But now something has gone catastrophically wrong. On a primitive colony planet a renegade criminal's chance encounter with an utterly alien entity unleashes the most primal of all our fears. An extinct race which inhabited the galaxy aeons ago called it "The Reality Dysfunction." It is the nightmare which has prowled beside us since the beginning of history. (Synopsis from Goodreads, slightly edited)
Warning: This is a LONG book and it’s very slow. Parts of it take a little slogging to get through. On the other hand, the author’s world-building is amazing; there are some wonderful ideas for space civilisations as well as what felt like a very realistic look at rough life on a newly colonised world. A lot of this feels like old school science fiction, concerned with mankind’s colonisation and conquering of the stars. Other elements were new – space ghost possession! Why any of this is happening is left mysterious, and the main story itself is compelling (if far too diluted with uninteresting side-characters).

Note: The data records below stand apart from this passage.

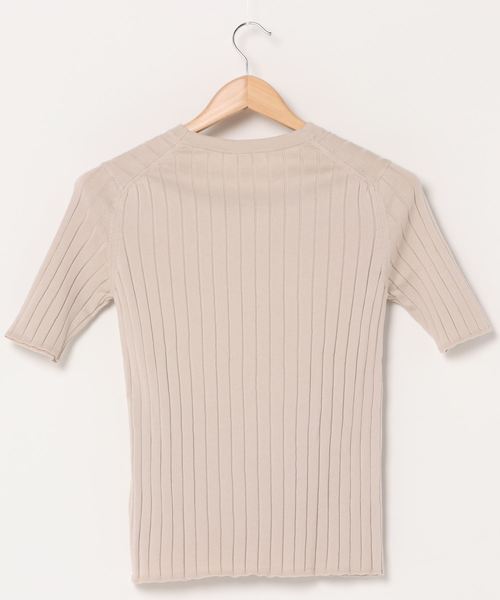 SUNSPEL（サンスペル）の「SUNSPEL / WOMEN’S WIDE RIB COTTON（ニット/セーター・レディース・ブラック/アイボリー・2）」の17枚目の写真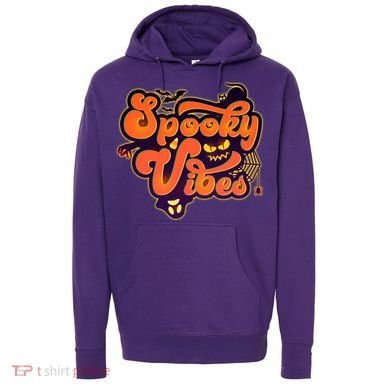 Retro Halloween Spooky Vibes Hoodie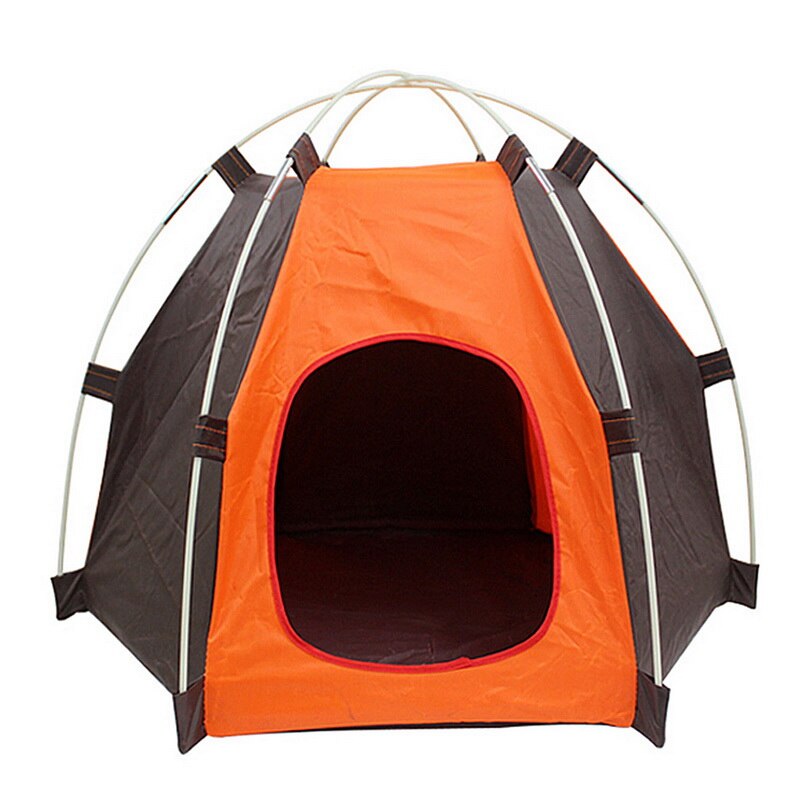 Camping & Indoor Pet Tent – Foldable Dog & Cat House, Sunscreen Portable Kennel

There are a lot of characters (we’re talking epic fantasy levels), but there is one clear main character... Joshua. Oh Joshua. Possibly the most annoying character ever written. He’s like the most obnoxious bits of Han Solo mixed with Captain Kirk mixed with Batman mixed with James Bond. He’s so amazing! He always wins! Everyone loves him! I tolerated him in this book because I was wrapped up in the story and the world-building but I hoped he would grow up and be given some kind of character development in later books. No such luck! He's a total playboy ship-captain fantasy. Mary Sue, your new name is Joshua.

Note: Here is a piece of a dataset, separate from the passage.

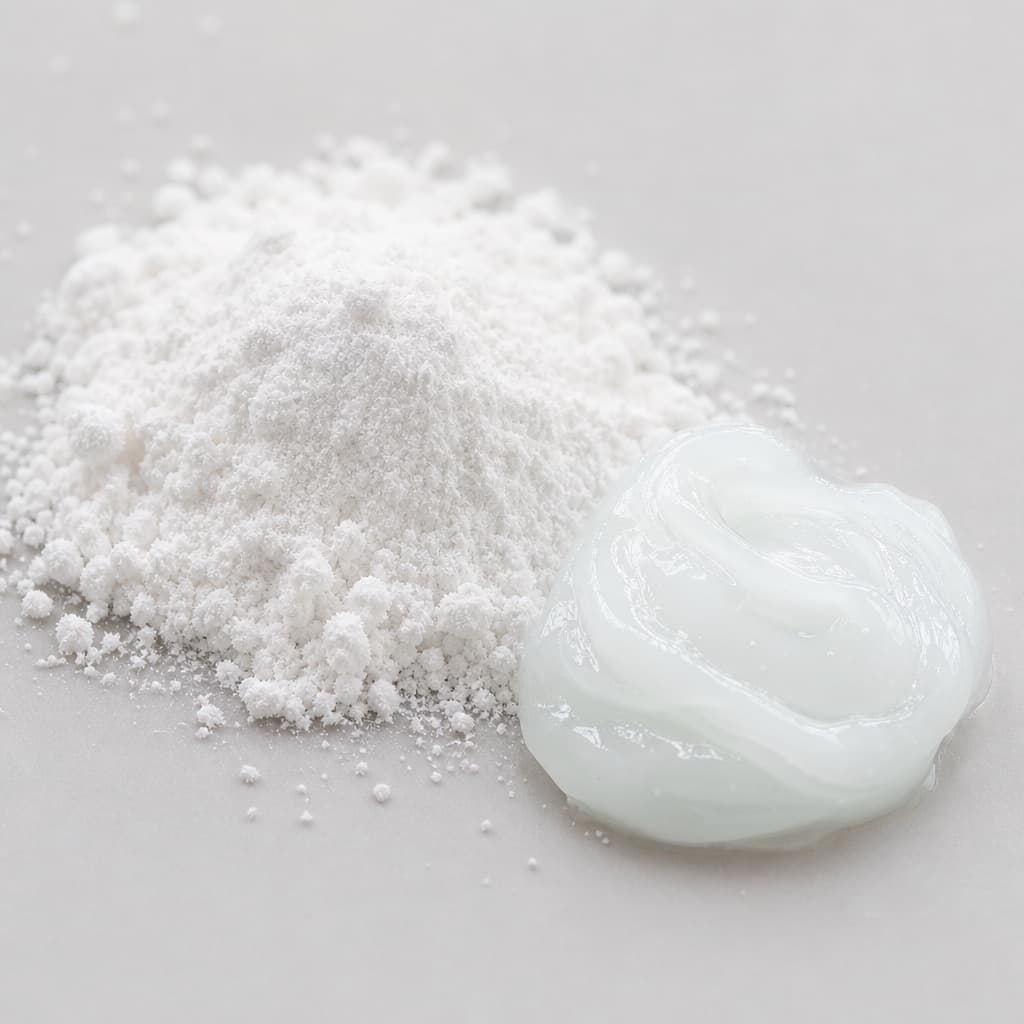 Benzoyl peroxide texture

Conclusion: Not space opera at its best, but still quite entertaining and intriguing. Aspects of the world-building were very impressive. I did enjoy it, but there were a lot of aspects that I didn't like so much and some that I even found a bit disturbing. I also wished it was
The Neutronium Alchemist
Not every fallen angel comes from heaven... The ancient menace has finally escaped from Lalonde, shattering the Confederation's peaceful existence. Those who succumbed to it have acquired godlike powers, but now follow a far from divine gospel as they advance inexorably from world to world.
On planets and asteroids, individuals battle for survival against the strange and brutal forces unleashed upon the universe. Governments teeter on the brink of anarchy, the Conferderation Navy is dangerously over-stretched, and a dark messiah prepares to invoke his own version of the final Night.
In such desperate times the last thing the galaxy needs is a new and terrifyingly powerful weapon. Yet Dr Alkad Mzu is determined to retrieve the Alchemist - so she can complete her thirty-year vendetta to slay a star. Which means Joshua Calvert has to find Dr. Mzu and bring her back before the alchemist can be reactivated. (Synopsis from Goodreads, slightly edited)
Space ghost possession is bringing back all kinds of crazy characters from our history. Al Capone is one of the major bad guys in this book. Yep, you read that right. Space gangsters! There’s also a bunch of space Satanists, and a really evil woman possessing a hot teenager who’s created some kind of space ghost cult because she’s so pretty that everyone will do what she says. Or something. Most of the villains in this one felt like cartoon characters. The super-weapon plot was by far the most interesting part of the book.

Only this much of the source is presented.